*How to complete this task*: Print the lines of the data, starting with the first, up to and including the line where "躲不开的猫缘：为什么怕猫的人更受猫的欢迎？关于猫的凝视威胁" appears.

(Brief descriptive captions)
════════
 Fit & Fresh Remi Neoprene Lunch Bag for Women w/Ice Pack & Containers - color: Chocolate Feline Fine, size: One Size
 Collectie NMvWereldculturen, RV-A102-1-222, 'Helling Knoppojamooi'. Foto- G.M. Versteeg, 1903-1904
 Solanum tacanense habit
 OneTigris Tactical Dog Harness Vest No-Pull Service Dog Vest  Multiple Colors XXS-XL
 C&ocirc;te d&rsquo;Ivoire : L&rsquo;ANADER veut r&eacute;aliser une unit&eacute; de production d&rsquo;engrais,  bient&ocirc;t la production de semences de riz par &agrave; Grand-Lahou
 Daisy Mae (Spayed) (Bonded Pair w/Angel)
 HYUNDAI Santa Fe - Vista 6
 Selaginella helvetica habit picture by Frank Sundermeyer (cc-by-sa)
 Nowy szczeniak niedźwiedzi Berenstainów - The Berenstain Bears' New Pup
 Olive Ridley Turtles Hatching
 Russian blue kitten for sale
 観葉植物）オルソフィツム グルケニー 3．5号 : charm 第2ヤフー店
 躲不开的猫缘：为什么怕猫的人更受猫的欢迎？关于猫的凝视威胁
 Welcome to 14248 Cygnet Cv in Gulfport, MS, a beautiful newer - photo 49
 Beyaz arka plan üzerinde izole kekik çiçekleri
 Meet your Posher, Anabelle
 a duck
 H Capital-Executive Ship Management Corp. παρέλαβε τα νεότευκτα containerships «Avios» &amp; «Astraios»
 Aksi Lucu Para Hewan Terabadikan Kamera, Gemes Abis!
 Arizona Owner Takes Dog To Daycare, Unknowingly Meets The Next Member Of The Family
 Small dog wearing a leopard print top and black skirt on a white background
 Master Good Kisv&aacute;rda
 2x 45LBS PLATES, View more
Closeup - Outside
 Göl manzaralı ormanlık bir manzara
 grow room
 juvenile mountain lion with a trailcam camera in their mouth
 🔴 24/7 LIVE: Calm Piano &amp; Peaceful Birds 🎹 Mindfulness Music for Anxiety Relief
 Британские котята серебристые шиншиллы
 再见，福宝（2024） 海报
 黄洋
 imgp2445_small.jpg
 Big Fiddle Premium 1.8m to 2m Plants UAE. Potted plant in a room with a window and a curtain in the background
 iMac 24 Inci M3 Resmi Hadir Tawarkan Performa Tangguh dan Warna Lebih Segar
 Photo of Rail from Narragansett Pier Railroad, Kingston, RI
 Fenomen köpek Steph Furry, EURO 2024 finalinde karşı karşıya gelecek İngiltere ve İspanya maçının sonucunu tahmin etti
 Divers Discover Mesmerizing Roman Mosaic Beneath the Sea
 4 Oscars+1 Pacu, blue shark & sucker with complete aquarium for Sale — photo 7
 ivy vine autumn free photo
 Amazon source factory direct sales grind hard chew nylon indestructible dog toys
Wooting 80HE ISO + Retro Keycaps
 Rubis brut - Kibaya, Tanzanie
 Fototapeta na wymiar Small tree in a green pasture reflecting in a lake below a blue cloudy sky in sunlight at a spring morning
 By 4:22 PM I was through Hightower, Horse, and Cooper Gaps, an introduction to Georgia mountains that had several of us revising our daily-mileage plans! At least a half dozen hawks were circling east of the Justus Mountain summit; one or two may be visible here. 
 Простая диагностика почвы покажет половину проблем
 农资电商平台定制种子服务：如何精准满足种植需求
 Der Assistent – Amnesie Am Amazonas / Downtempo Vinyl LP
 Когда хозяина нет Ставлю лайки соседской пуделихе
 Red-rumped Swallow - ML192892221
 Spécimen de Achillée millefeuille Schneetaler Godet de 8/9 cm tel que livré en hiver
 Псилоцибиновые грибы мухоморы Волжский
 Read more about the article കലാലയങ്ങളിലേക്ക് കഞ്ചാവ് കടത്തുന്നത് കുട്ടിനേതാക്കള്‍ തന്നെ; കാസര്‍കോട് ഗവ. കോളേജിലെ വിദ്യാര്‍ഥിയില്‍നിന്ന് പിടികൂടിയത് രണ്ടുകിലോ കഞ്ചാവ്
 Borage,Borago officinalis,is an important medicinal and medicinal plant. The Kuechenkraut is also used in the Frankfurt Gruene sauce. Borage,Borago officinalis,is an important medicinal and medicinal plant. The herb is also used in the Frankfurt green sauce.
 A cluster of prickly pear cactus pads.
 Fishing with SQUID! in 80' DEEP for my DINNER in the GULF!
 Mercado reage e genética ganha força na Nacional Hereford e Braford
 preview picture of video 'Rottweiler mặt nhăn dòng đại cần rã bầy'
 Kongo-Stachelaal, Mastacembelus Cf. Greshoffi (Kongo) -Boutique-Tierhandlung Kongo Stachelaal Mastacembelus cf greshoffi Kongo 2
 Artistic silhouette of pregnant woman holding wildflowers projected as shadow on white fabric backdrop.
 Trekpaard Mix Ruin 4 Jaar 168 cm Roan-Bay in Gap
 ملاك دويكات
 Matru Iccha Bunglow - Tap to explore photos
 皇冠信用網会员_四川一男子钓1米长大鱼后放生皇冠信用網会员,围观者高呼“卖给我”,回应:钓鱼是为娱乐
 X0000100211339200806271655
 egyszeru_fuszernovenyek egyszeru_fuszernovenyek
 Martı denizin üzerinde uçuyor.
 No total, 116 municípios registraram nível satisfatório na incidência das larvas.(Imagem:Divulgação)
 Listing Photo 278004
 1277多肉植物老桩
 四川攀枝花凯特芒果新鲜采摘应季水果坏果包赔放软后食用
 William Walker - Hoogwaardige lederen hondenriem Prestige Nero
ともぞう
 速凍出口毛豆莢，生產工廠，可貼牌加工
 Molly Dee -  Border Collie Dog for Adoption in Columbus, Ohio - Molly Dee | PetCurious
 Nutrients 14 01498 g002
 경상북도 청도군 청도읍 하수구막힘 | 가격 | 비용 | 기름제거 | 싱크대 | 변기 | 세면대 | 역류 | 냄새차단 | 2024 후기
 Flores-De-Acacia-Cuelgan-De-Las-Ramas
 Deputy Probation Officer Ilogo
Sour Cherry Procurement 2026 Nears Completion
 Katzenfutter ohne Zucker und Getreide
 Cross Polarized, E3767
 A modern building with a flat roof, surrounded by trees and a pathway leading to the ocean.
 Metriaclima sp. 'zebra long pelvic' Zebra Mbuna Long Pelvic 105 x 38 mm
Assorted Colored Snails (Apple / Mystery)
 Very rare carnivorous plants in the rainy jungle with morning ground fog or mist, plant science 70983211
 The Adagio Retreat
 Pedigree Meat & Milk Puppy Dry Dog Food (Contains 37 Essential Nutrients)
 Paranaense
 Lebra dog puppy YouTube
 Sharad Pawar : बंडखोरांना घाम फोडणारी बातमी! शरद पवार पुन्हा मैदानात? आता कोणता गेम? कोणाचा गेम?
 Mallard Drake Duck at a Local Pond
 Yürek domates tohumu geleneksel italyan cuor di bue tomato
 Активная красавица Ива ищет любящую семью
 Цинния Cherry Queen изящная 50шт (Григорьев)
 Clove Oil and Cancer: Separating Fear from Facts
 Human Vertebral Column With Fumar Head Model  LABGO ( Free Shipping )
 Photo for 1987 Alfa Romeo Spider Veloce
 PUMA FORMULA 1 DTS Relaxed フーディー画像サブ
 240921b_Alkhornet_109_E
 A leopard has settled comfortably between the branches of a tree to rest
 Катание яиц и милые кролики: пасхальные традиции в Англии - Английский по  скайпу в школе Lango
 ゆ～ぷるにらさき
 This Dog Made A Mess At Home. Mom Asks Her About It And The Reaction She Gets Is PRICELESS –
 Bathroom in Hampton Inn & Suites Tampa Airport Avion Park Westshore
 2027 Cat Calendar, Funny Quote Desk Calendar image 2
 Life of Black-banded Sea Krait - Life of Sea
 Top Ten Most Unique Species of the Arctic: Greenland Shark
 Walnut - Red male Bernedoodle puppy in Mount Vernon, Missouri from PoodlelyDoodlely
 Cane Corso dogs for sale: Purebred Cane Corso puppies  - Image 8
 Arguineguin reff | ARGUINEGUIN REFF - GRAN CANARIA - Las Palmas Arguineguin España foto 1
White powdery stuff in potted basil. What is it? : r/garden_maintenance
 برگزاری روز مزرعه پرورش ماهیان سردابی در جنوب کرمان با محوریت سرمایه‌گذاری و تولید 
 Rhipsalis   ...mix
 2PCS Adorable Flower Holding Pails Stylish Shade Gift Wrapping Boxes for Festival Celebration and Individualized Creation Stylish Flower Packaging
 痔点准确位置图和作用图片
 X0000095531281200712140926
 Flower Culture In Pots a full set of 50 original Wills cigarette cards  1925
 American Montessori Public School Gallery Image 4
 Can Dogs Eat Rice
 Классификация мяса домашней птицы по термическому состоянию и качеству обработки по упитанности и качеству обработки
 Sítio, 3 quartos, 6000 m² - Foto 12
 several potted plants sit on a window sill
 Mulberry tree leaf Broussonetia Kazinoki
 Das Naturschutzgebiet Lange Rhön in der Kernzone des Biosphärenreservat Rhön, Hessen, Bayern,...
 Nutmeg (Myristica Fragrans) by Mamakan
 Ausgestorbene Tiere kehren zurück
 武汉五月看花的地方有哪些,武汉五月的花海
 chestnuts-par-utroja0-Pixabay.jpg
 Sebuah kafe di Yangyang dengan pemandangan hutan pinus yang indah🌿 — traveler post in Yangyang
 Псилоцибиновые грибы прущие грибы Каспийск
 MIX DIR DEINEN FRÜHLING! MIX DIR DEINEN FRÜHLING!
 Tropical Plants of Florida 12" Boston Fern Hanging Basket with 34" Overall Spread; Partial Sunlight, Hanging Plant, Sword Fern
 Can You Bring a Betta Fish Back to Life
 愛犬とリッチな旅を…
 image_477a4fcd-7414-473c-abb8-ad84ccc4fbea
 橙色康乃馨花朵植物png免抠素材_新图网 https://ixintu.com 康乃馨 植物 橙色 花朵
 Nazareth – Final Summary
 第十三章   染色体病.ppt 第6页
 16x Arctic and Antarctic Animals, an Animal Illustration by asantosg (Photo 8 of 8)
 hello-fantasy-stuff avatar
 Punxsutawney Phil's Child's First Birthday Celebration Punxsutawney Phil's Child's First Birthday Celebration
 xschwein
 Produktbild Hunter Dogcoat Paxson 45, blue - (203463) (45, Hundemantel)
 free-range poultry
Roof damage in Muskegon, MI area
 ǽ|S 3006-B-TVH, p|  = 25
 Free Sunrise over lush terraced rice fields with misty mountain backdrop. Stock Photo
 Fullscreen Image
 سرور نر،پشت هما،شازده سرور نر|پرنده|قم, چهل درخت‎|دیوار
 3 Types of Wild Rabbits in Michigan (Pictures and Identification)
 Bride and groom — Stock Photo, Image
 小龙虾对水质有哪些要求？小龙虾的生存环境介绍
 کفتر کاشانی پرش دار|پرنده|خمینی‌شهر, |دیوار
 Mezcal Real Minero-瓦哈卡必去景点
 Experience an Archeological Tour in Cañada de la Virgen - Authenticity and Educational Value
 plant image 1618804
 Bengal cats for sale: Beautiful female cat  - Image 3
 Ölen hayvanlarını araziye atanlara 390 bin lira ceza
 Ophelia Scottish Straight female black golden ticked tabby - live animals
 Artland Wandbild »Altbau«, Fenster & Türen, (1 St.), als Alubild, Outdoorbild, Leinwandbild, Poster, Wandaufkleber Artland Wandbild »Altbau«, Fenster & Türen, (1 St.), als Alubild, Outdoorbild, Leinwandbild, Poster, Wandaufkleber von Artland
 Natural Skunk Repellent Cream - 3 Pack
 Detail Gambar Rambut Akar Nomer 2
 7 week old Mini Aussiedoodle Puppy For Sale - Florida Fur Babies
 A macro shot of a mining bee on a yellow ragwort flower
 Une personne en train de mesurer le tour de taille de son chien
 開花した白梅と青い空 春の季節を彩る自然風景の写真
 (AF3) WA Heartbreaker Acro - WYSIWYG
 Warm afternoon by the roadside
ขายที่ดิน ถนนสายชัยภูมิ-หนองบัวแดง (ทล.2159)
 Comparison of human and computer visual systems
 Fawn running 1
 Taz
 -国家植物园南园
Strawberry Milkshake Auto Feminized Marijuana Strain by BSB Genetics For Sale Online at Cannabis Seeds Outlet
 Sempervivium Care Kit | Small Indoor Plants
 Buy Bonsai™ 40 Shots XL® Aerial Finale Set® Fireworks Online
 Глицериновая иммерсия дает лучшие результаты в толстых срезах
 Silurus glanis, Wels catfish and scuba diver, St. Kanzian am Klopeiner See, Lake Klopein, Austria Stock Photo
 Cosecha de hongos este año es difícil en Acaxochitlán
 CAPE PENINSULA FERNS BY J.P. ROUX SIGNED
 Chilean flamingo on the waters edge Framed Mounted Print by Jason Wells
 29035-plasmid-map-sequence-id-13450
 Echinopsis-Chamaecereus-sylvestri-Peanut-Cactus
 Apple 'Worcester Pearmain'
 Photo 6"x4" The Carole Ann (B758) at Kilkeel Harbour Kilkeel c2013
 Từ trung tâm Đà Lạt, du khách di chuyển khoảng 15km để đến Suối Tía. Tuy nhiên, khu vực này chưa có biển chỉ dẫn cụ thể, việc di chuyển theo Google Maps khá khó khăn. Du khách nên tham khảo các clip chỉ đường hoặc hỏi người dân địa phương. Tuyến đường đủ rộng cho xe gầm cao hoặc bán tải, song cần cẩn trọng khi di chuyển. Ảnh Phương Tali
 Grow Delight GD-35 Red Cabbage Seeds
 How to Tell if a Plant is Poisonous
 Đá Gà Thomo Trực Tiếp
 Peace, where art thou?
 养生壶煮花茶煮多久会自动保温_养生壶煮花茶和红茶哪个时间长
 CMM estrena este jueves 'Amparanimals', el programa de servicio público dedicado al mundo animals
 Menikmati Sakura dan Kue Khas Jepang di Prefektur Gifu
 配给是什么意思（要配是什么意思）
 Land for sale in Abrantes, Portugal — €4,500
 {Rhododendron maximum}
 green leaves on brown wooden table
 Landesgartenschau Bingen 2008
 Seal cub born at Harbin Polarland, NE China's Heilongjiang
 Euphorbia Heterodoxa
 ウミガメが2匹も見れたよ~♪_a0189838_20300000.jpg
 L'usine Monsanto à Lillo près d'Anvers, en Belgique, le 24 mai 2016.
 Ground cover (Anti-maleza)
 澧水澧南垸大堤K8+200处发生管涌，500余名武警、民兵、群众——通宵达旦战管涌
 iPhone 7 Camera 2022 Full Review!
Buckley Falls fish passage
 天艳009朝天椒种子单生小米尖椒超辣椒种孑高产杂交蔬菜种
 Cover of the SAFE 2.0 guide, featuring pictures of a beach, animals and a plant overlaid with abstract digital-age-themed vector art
════════
*Response area*:
 Fit & Fresh Remi Neoprene Lunch Bag for Women w/Ice Pack & Containers - color: Chocolate Feline Fine, size: One Size
 Collectie NMvWereldculturen, RV-A102-1-222, 'Helling Knoppojamooi'. Foto- G.M. Versteeg, 1903-1904
 Solanum tacanense habit
 OneTigris Tactical Dog Harness Vest No-Pull Service Dog Vest  Multiple Colors XXS-XL
 C&ocirc;te d&rsquo;Ivoire : L&rsquo;ANADER veut r&eacute;aliser une unit&eacute; de production d&rsquo;engrais,  bient&ocirc;t la production de semences de riz par &agrave; Grand-Lahou
 Daisy Mae (Spayed) (Bonded Pair w/Angel)
 HYUNDAI Santa Fe - Vista 6
 Selaginella helvetica habit picture by Frank Sundermeyer (cc-by-sa)
 Nowy szczeniak niedźwiedzi Berenstainów - The Berenstain Bears' New Pup
 Olive Ridley Turtles Hatching
 Russian blue kitten for sale
 観葉植物）オルソフィツム グルケニー 3．5号 : charm 第2ヤフー店
 躲不开的猫缘：为什么怕猫的人更受猫的欢迎？关于猫的凝视威胁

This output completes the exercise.